A day of serious rain. In the morning I drove up to Mount Belcher to look at a scratch in a table that I made some seventeen years ago. (The table, not the scratch.) The scratch turned out to be very minor, and responded to a light rub with 0000 steel wool soaked in tung oil. The cherry top has aged to a gorgeous deep glowing red-brown, largely thanks to the regular polishing and care it's had from the owners:
The chairs likewise have matured nicely. This is of course typical of cherry, which usually looks raw and a bit blotchy when new, and requires several months to really start to show some promise. I was so impressed by this that I came back in the afternoon and took some pictures of the table,as well as some other pieces I'd made for them but, unaccountably, had failed to record at the time.
Now the answer to last week's woodworking quiz - which is the indispensable tool?
No prizes offered for the obvious answer - the iPod. For the curious, the iPod is currently loaded with: Bach's Goldberg Variations; a collection of podcasts, including The Guardian Books podcast; The Guardian Daily; In Our Time with Melvyn Bragg (this week: "The Discovery of Radiation"); the Macworld podcast (Office vs. iWork); Mark Kermode and Simon Mayo's film reviews from the BBC (2012, "absolute rubbish") and Football Weekly (actually twice a week). Most of the iPod's space is taken up with an old standby - the complete Lord of the Rings, which I know so well as to relieve me of any need to pay close attention to all the words. After all, I do need to sometimes think about what I'm doing with all these potentially lethal tools when they're about to engage with some vital piece of wood.

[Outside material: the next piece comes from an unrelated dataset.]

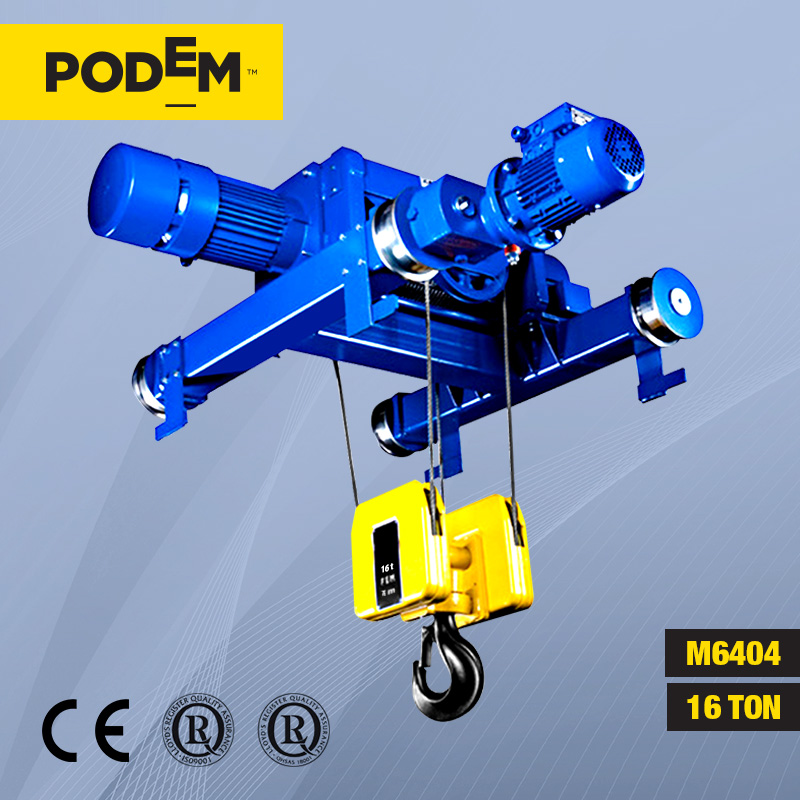 Jual Double Girder Crane, Harga Double Girder Crane, Podem Double Girder Crane Murah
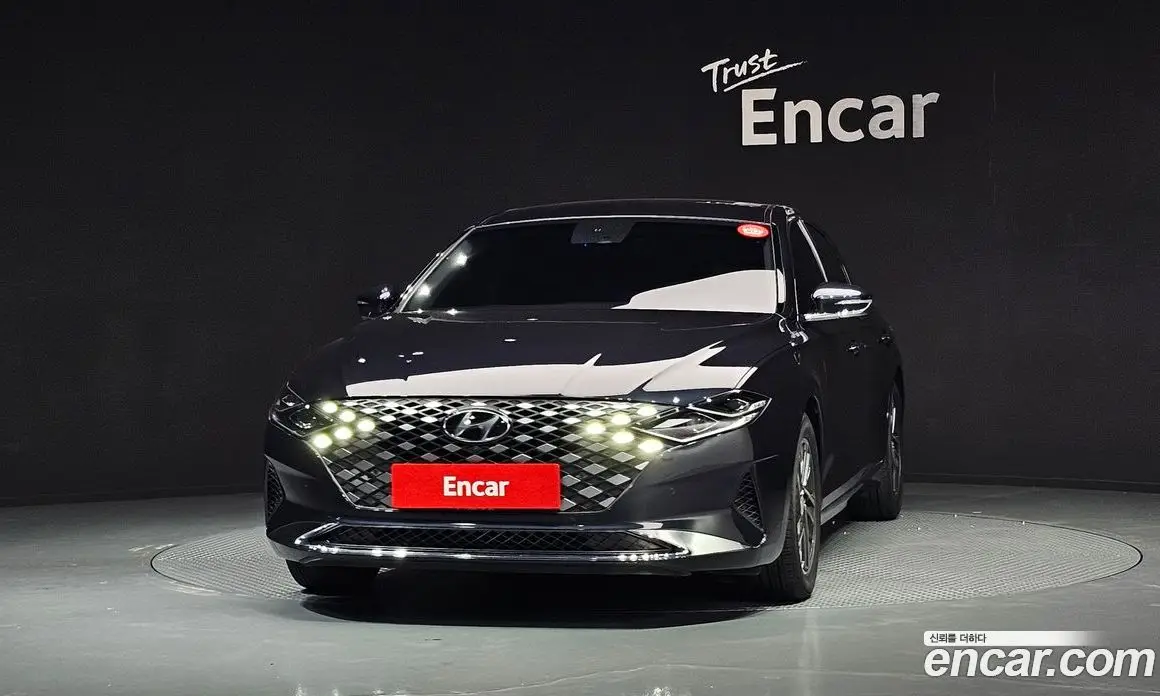 Hyundai Grandeur 2021 2.5 автомат (гидро), фото 3 Hyundai Grandeur 2021 2.5 автомат (гидро), фото 3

I've been asked several times how I can concentrate on what I'm doing if I'm listening to Patrick O'Brien or "The Last Chronicle of Barset". Paradoxically, the answer is that audiobooks - of a certain kind - often seem to increase concentration, rather than diminish it; why this should be, I'm not sure. Somehow they damp down the trivial and annoying brain-chatter that inevitably accompanies repetitive tasks, making it easier to do things like sanding, finishing, repeat machining operations and the like. Naturally, when it comes to something requiring serious thought and problem solving, the pod is turned off.
Finally, here's a picture of my newest assistant, John, who popped over this afternoon (braving the downpour) and cheerfully vacuumed under the work bench:
I asked him abut the sunglasses. He told me that they kept his eyes from getting wet in the rain.